El cuchillo casi se reptaba solo, sostenido por mi angustia penetró suave pero firme las veces que fue necesario en el pozo del sobaco saliendo por la clavícula y volviendo a entrar por debajo de su oreja… para que este señor; que yo no conocía, ya no me miraría más porque la muerte se coló dentro de sus ojos. El arma; que le debió prestar un servicio, se le convirtió en un fatal estorbo. El soldado no cayó al suelo, al doblar sus rodillas expiró allí de pie, atascado.
Me devolví por donde venía hasta donde encontré espacio para guardar la hoja en mi espalda. Ya con su arma en mi poder, me pegué a la pared en el espacio más ancho, listo a responder si alguien más venía. Esperé , dos minutos, mil horas, toda una vida en aquella grieta, el vaho de su sangre caliente hacía que saliera un vaporcillo y se regara al contacto con el frío como gelatina, como resina muy espesa, hasta que dejó de fluir.
De manera torpe y rápida jalé aquel cuerpo para destrabar el paso, descubrí que al otro lado arrastraba con la otra mano su pesado morral con rondas de munición, barras de chocolate y proteína, comida enlatada y en sobres. todo un equipo de supervivencia, tenis deportivos y un cuadernillo en inglés que por las fotos me decía que era un manual para francotirador, dos magníficas miras telescópicas, unos lentes nocturnos y la cartilla de instrucciones del rifle, Tac 50 para francotirador.

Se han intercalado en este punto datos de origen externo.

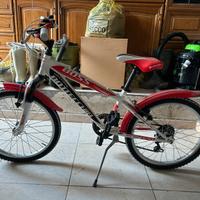 Bici Bottecchia boss 20”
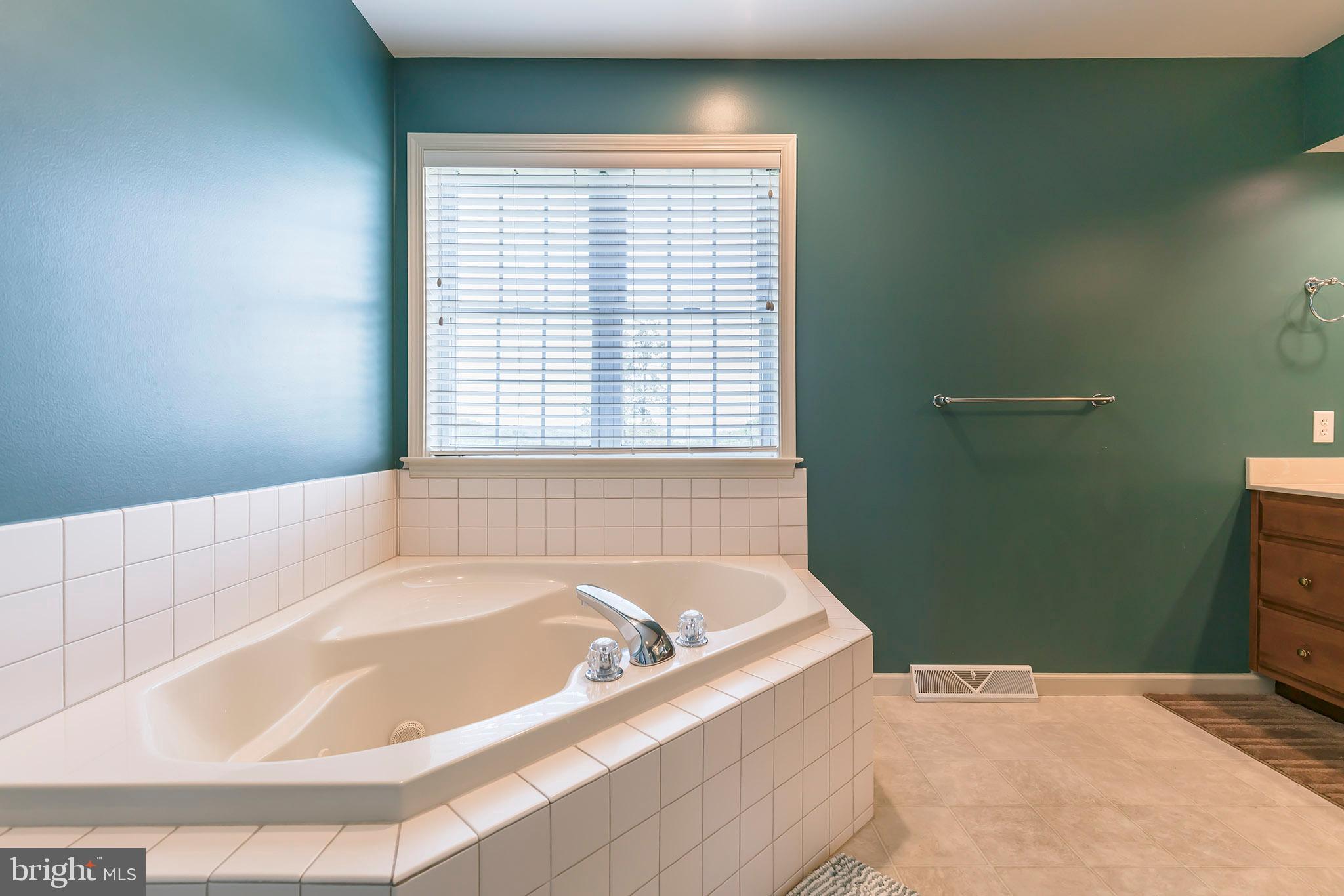 465 Vista Road Columbia, PA 17512 - Photo 13 of 21 Jacuzzi Master Bathroom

Me di cuenta que simplemente aquel desgraciado trataba de buscar algún sitio o una altura. Qué muerte más ridícula para alguien entrenado para estar por encima de cualquier combatiente. Siempre vi dentro de los francotiradores,
algo así como unos semidioses, desde que supe de ellos leyendo la batalla de Stalingrado.
Todavía conservo aquel rifle…
Todavía conservo el cuchillo… Todavía lo llevo conmigo… Algún día terminaré el poema de las madrugadas, cuando aquel soldado deje de mirarme a los ojos mientras lo estoy matando.